Un tarif qui étrangle les plus démunis
Thierno Seydou Diop, secrétaire général de DDD, a qualifié ce tarif de 5 000 FCFA de « raisonnable », invoquant le coût du confort et de la ponctualité. Mais raisonnable pour qui ?
Dans une province ravagée par quarante-trois ans de conflit, d’isolement et de sous-investissement, où le revenu moyen des ménages suffit à peine à nourrir une famille, ce prix est une insulte. Les transporteurs locaux, eux, proposent le même trajet pour 2 000 à 2 500 FCFA. Pourquoi une entreprise publique, censée incarner le service au peuple, impose-t-elle un coût deux à trois fois plus élevé, hors de portée pour la majorité ?
DDD prétend éviter une « concurrence déloyale » avec les privés. Cet argument est un écran de fumée. Si l’objectif était vraiment d’équilibrer le marché, pourquoi ne pas subventionner cette ligne pour la rendre accessible, ou instaurer une tarification progressive adaptée aux réalités locales ? La vérité, c’est que ce tarif ne sert ni les Casamançais, ni les transporteurs locaux, mais les caisses de DDD et les priorités de Dakar. Pendant ce temps, les habitants restent prisonniers d’un système où même les prétendues « solutions » les excluent.
Confort et fiabilité : un luxe imposé aux dépens du peuple
Les bus partent à l’heure, même à moitié vides, et offrent un « confort supérieur« . Belle vitrine ! Mais à qui s’adresse ce luxe ? Aux touristes débarquant à Cap Skirring et aux élites locales, pas aux paysans, artisans ou étudiants de Ziguinchor et des villages voisins.

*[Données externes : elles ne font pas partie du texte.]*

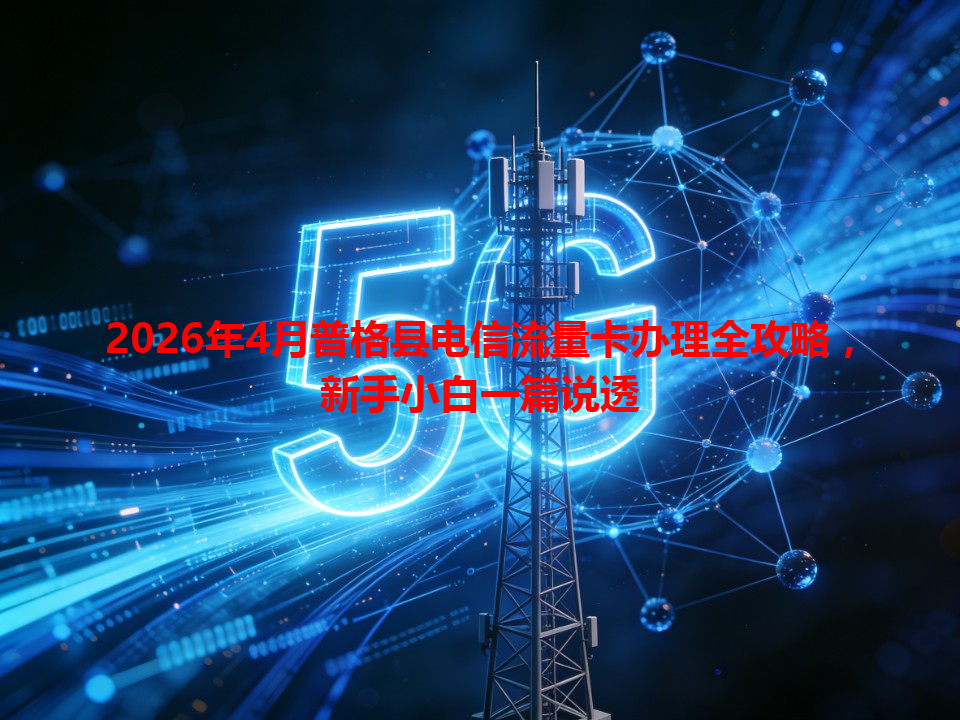 2026年4月普格县电信流量卡办理全攻略，新手小白一篇说透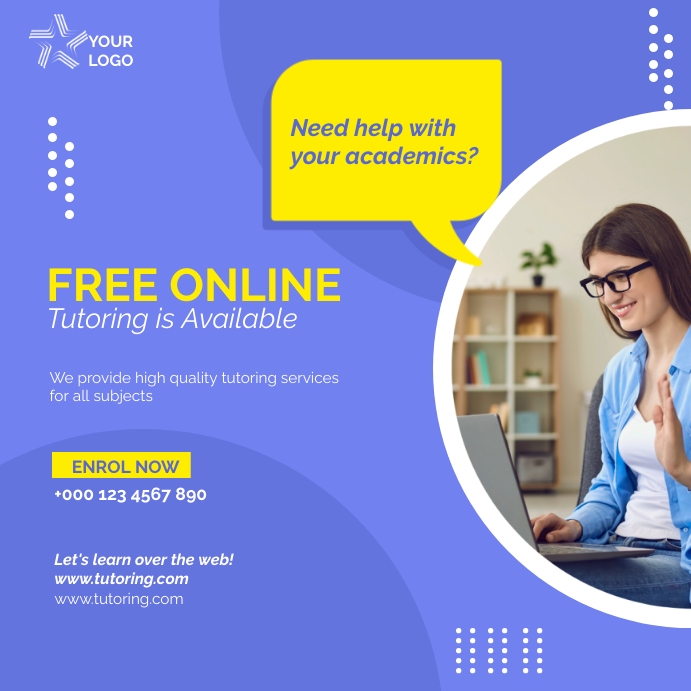 Tutoring Template | PosterMyWall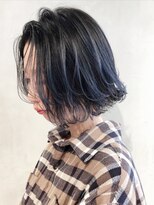 アルバム 新宿(ALBUM SHINJUKU)&nbsp;シルバーアッシュハイグラボブ_オリーブカラー_ba269662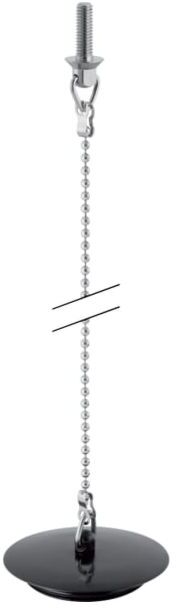 Geberit Stopfen mit Kette 294938001 für Spültischablauf 1 1/2"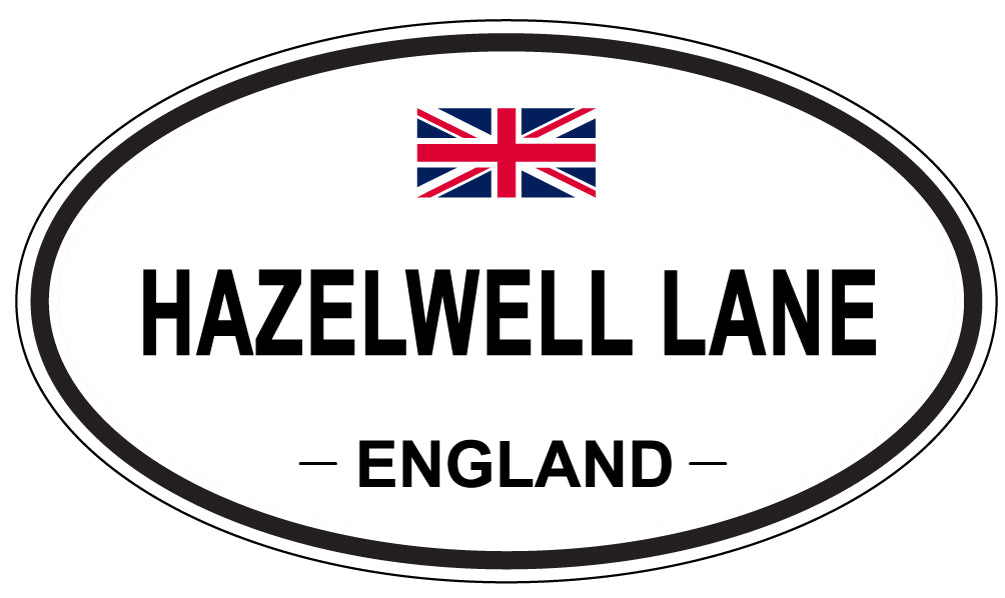 HAZELWELL LANE, England - Oval Magnet
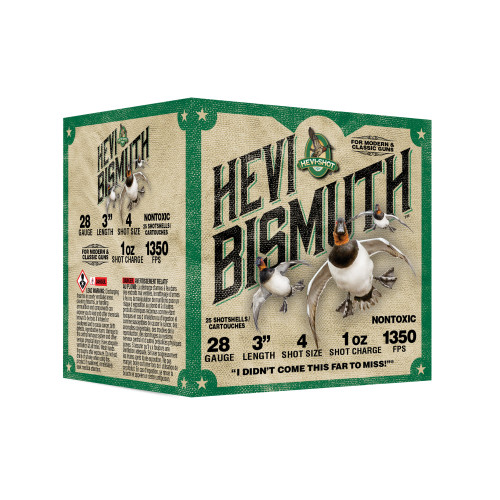 HEVI-Shot HEVI-Bismuth 28 Ga, 3″, 1 oz, 4 Shot, 25rd Box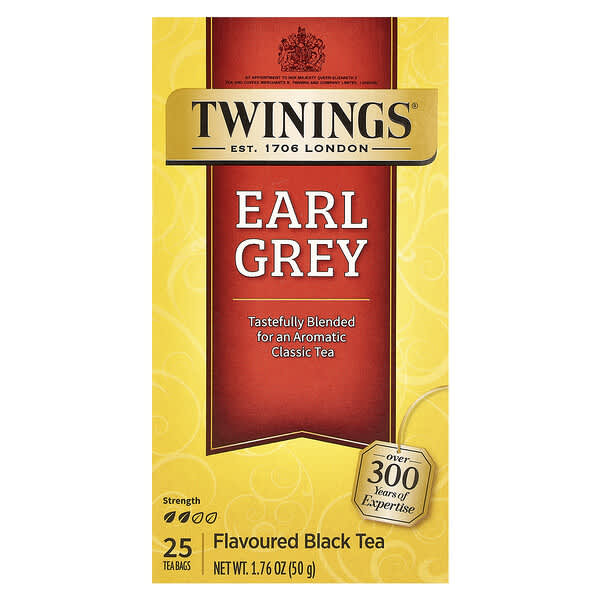 Twinings, 經典伯爵茶，25茶包，1.76盎司（50克）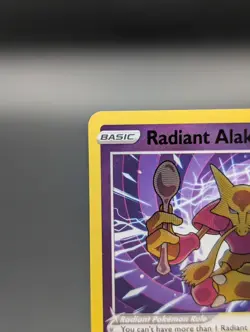 Radiant Alakazam 59/195 Silver Tempest Pokemon NM 59/195 - Image 5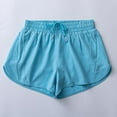 thumbnail image 6 of Girls Butterfly Shorts Casual 2 in 1 Zipper Pockets Girls Athletic Shorts High Waisted Drawstring Soccer Short Pants, 6 of 7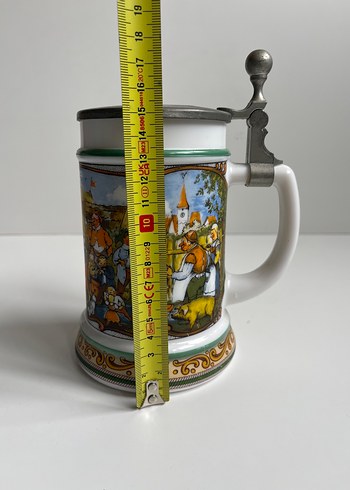 Beyaz Desenli Alman  bardak Kupası - Görsel 6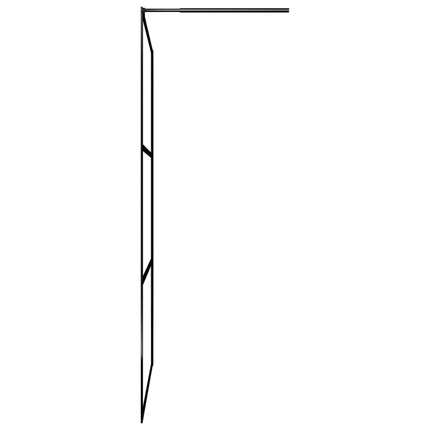 Parete Doccia Walk in Mensola Nera 90x195cm Vetro ESG Alluminio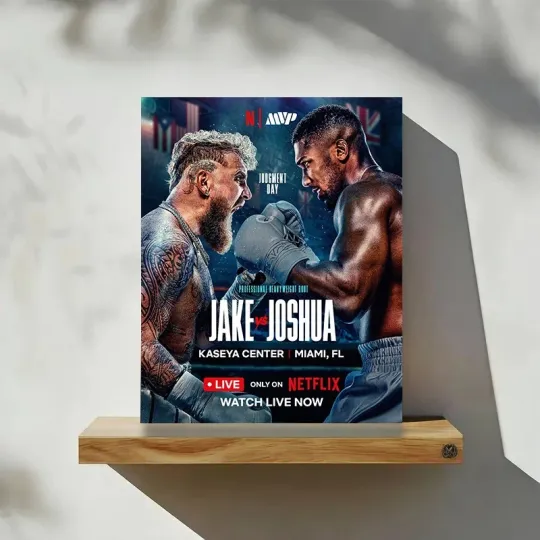 Jake Paul vs Anthony Joshua Judgment Day Poster - December 19, 2025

Comparer cette ligne au bateau Aline Sitoé Diatta est une farce : dans une Casamance où l’accès à l’eau potable, à l’éducation ou à la santé reste un combat quotidien, imposer un service haut de gamme à 5 000 FCFA n’est pas un progrès, c’est une provocation. Les Casamançais ne réclament pas du bus dernier cri ; ils veulent un transport abordable qui les sorte de l’enclavement.

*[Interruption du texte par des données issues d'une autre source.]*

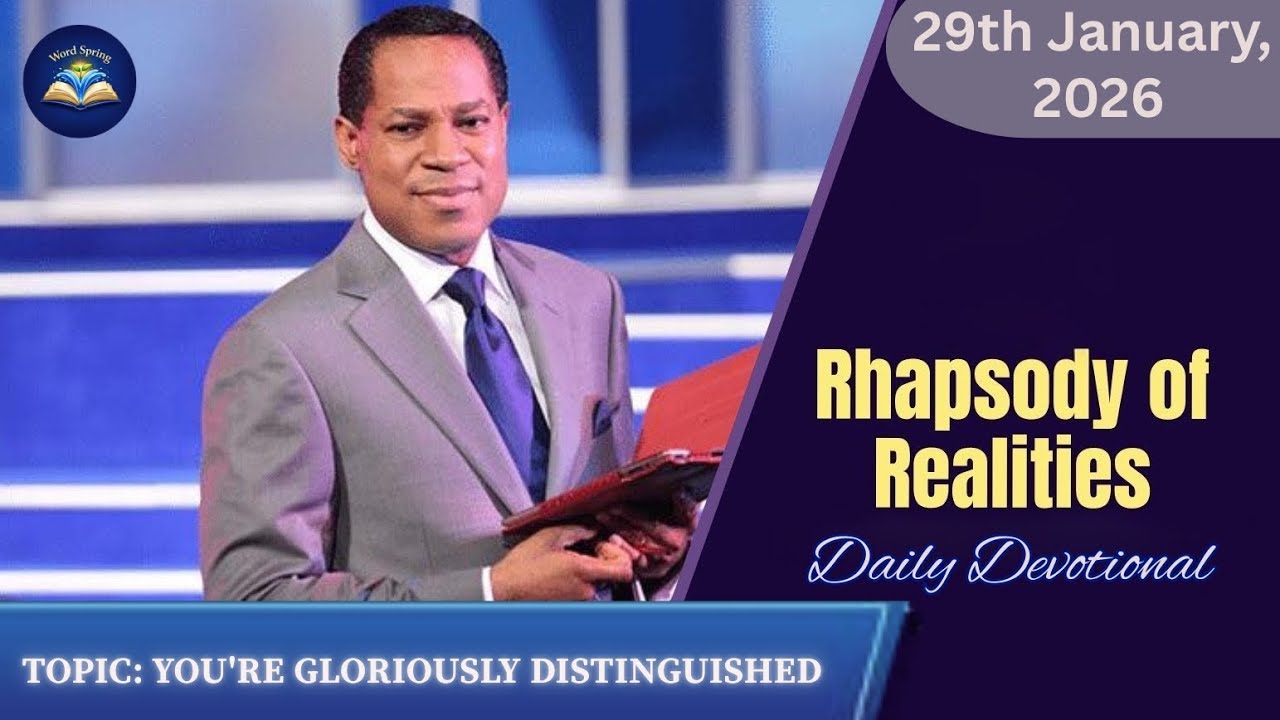 ✨ROR Daily Devotional | You're Gloriously Distinguished – Pastor Chris (@Word-Spring)✨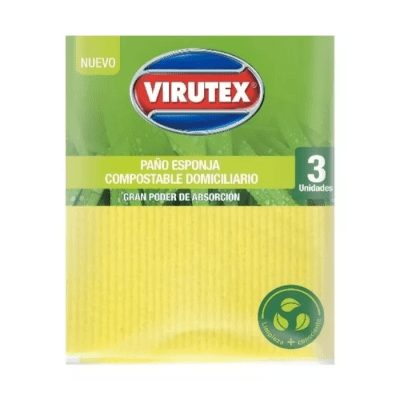 Paño Esponja Virutex Natural 3 Un.1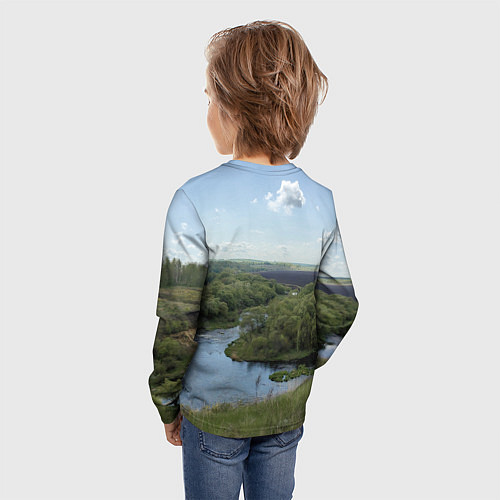 Детский лонгслив Красивая Меча / 3D-принт – фото 4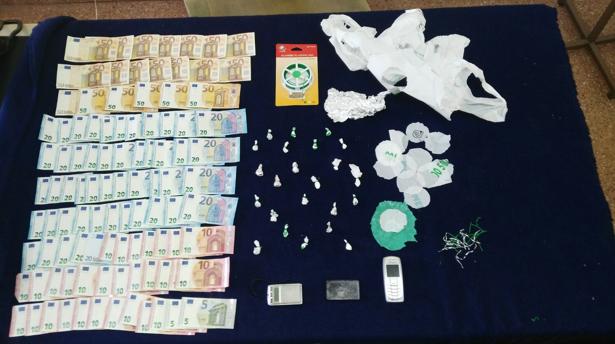 Imagen de lo incautado en la vivienda del barrio de Palomarejos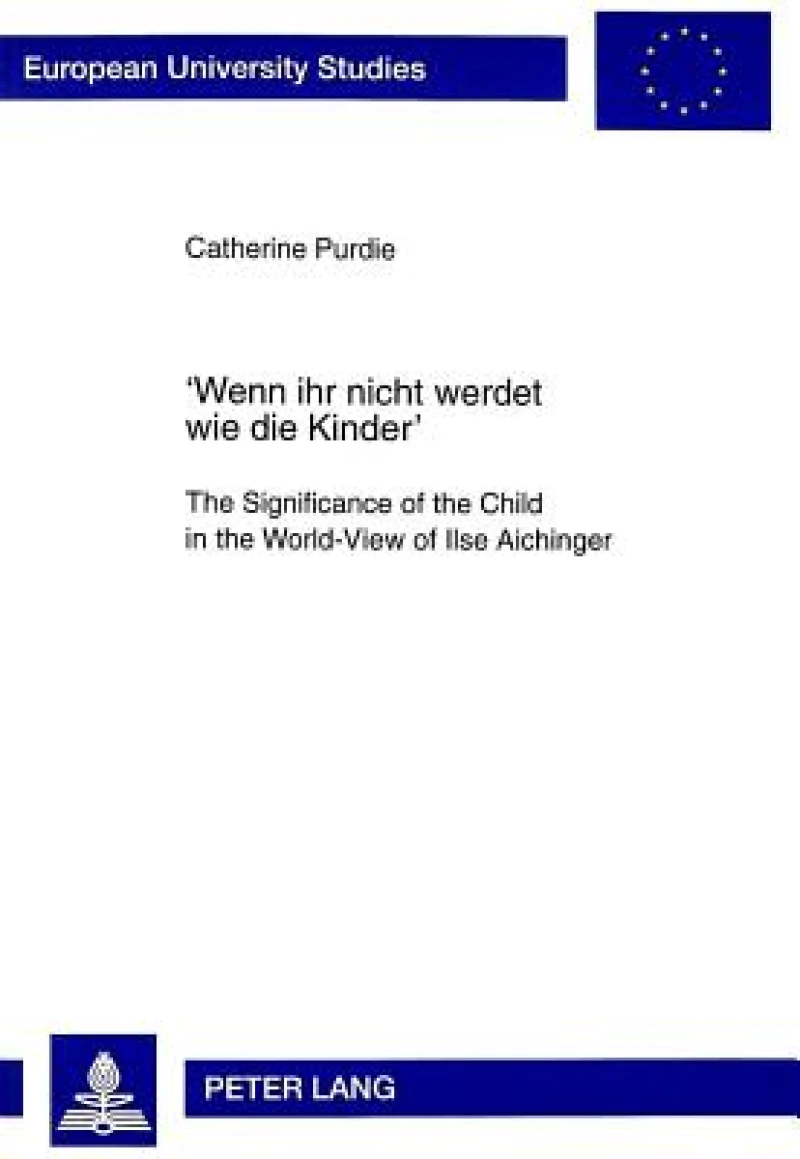 ''Wenn ihr nicht werdet wie die Kinder''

Un modèle économique qui sacrifie la Casamance
DDD justifie ce tarif par la nécessité de couvrir 50 % de ses investissements. Mais pourquoi cette rentabilité doit-elle peser sur les épaules d’une région déjà exsangue ? Une entreprise publique ne devrait-elle pas être soutenue par l’État pour desservir une zone stratégique comme la Casamance, avec son potentiel agricole et touristique ?
Au lieu de cela, Dakar traite la Casamance comme une vache à lait, un terrain d’expérimentation pour des projets déconnectés. Si une baisse des prix menace les transporteurs locaux, pourquoi ne pas les intégrer dans un partenariat gagnant-gagnant, ou créer un fonds de compensation ? Ces solutions existent, mais elles demandent une volonté politique que Dakar n’a jamais eue pour la Casamance.
Une modernisation qui cache un mépris
Présenter cette ligne comme une « vision » ou une « modernisation » est une mascarade. Oui, la Casamance a besoin d’infrastructures, mais pas d’un développement élitiste qui ignore ses habitants. Les indépendantistes et les défenseurs des droits locaux le martèlent depuis des décennies : les décisions imposées par Dakar, sans consultation, ne font qu’alimenter la fracture. La communication bâclée de DDD, admise même par ses soutiens, n’est que le symptôme d’un mal plus profond : un mépris chronique pour les aspirations des Casamançais.
Un ultimatum : un transport pour le peuple, ou rien
Cette ligne Ziguinchor-Cap Skirring ne doit pas être une vitrine pour DDD ni un privilège pour quelques-uns. Elle doit devenir un levier de justice sociale.
1. Une baisse immédiate du tarif à 2 500-3 000 FCFA, financée par une subvention de l’État dans le plan Diomaye pour la Casamance.
2. Un partenariat équitable avec les transporteurs locaux pour un service complémentaire.
3. Une consultation populaire pour écouter – enfin – ce que veulent les Casamançais.
La Casamance n’est pas une colonie intérieure à exploiter. Elle mérite une paix juste et un développement qui la sert, pas qui la saigne. Si Dakar Dem Dikk et les autorités restent persistantes dans cette voie, qu’ils ne s’étonnent pas de voir la colère d’un peuple trop longtemps ignorée exploser. Le temps des faux-semblants est révolu.